During system operation, XCS samples a user-context data exemplar as a message string from the external environment. This string is defined over $\{ 0, 1 \}^L$ where $L$ is the number of bits in each situation (classifier condition). Classifiers whose conditions match the environmental message become members of a set called the match-set ($M$). If none of the classifiers match the environmental message, the classifier system creates new classifiers with each of the possible actions and assigns these classifiers to $M$. This procedure is called covering. We initialize XCS with an empty population therefore covering occurs only at the beginning of a run in our system.

The system computes a fitness-weighted average of the predictions of each classifier in $M$ for each of the actions present in $M$. During our preliminary investigation, we experimented with choosing the action non-deterministically. This method of action selection seemed to degrade the system performance. To remedy this problem we use the best-action selection mechanism for choosing an action from $M$ and send it to the external environment as XCS's action for the externally sensed input string. A reward of $1000$ is provided if the action taken by XCS is correct, $0$ otherwise. Action-set ($A$) is created from the classifiers in $M$ which proposed this particular action. XCS updates the different attributes of every classifier in $A$ based on the actual reward returned by the environment. Subsequently the fitness is also updated. The system has the option to execute a GA within $A$ based on $\theta_{GA}$, a threshold parameter . The populations of classifiers are thus evolved by a process of trial and error. Our GA parameter values are as follows: the probability of mutating one allele in an offspring classifier is $0.4$, the probability of applying crossover in an offspring classifier is $0.67$, the probability of using a don't care symbol in an allele ($P_\char93 $) is $0.33$ and $\theta_{GA}$ is set to $25$.

When the system senses an input, it creates a match-set and chooses a particular action to execute. After an appropriate reward is received from the environment, the attributes of the classifiers which resulted in this action being taken are updated. This procedure ensures that classifiers capable of accurately predicting the correct action to be taken tend to be reproduced more (due to their increased fitness for choosing the correct action) while inaccurate classifiers eventually get deleted. The cycle of sensing the input, choosing a particular action, running a GA after a certain threshold is done until some termination condition is met. We use the metric of randomly sampling $20000$ problems from the context data training set or a training system performance of 1.0 as the termination condition in our experiment. The value of $\beta$, the learning rate is set to $0.2$. Constrasted with the traditional model of a classifier system, in XCS, the GA is run on the action sets (instead of the entire population), and the classifier system has no message-list. [9,8]. Details about the intricate process of formation of match-sets and action-sets, the execution of a GA within the system, widely used values for XCS parameters, and the methodology for updating classifier fitness and is found in Wilson [20].

Experimental Design

 We design our experiment to answer the following questions:
  1. How good is our method of collecting user-context data?,
  2. How feasible is XCS for learning user-context ?
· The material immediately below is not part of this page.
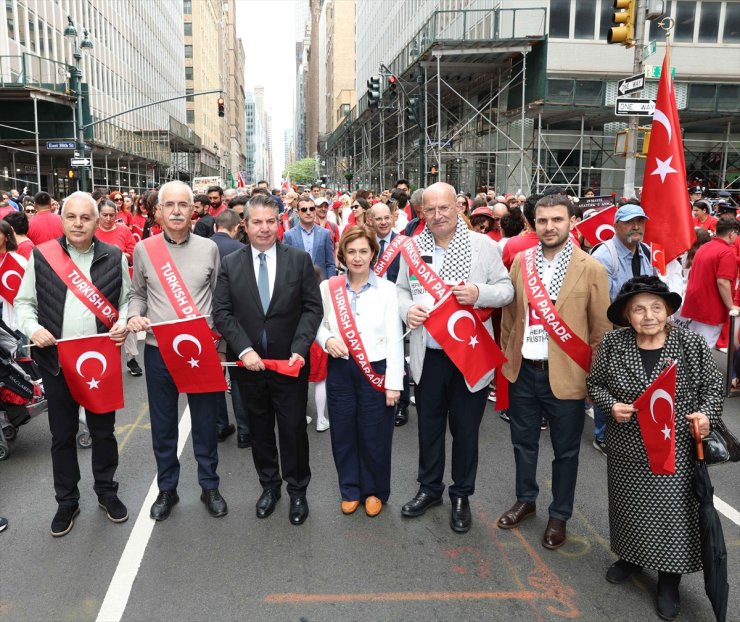 ATO heyeti, "Geleneksel New York Türk Günü Yürüyüşü"ne katıldı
  3. Is our context-learning approach generalizable across users?

As a base-rate accuracy for evaluating the performance of a learning scheme, we use the performance of Zero-R, a learning algorithm which predicts the majority class in the training set as the default class. We use a decision-tree learner on all our user-context data (ContextData-1, ContextData-2, ContextData-3, ContextData-all-users) for checking the feasibility of our user-context data collection methodology.
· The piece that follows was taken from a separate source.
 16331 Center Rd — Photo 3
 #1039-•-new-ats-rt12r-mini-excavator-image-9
Next, we extend an implementation of XCS in Java to create a user-context related environment for XCS [4]. Section 3.3 describes the user-context data gathered. For each user-context data set, we transform all the contextual features except the reminder-type into an appropriate binary representation. After performing this transformation, we end up with a string like the example shown below:
0100010101010101010011100101100001001000010011011110100110111101
00111111100000000000010011111110000000000000000000000:3

The value shown after the ":" is the correct action for the particular classifier condition. In the above example, the correct action is to choose a reminder of type $3$. With user-context data thus transformed, we create ten stratified folds of all our user-context data sets for evaluating the training and testing performance of XCS. We also compare the performance of XCS with J48, a decision-tree learning algorithm. You should note that we evaluate both XCS and J48 on the same cross-validation training and test set pairs. By this process, we ensure that both the learning schemes are exposed to the same data samples. This design allows us to directly compare the performance of the two learning schemes.

We make XCS evolve a set of classifiers for a training fold and store these classifiers after our stopping criterion of repeatedly sampling $20000$ random problems (exemplars) or when the training performance reaches $1.0$. Thus XCS learns a classification model of the target concept (the type of reminder to generate) from the training data. Next, we test these evolved classifiers on the testing fold and record the performance of the system. Using the testing fold, we thus evaluate the predictive accuracy of the classification model learnt by XCS on unseen cases. Performance is defined as the percentage of correctly solved problems in the last $100$ problems sampled. A problem is correctly solved if the classifier correctly predicts the type of reminder to be used for its condition component. To get a robust statistical estimate, we conduct ten runs for each pair of training-testing folds and record the performance. We repeat this procedure for all the ten folds of the cross-validation set to evaluate the system performance. The same procedure is repeated for the decision-tree algorithm.

We merge the data from all the three users in our study and evaluate XCS's performance on this data set. This metric helps us understand how XCS generalizes learning from user-context data from all the three users.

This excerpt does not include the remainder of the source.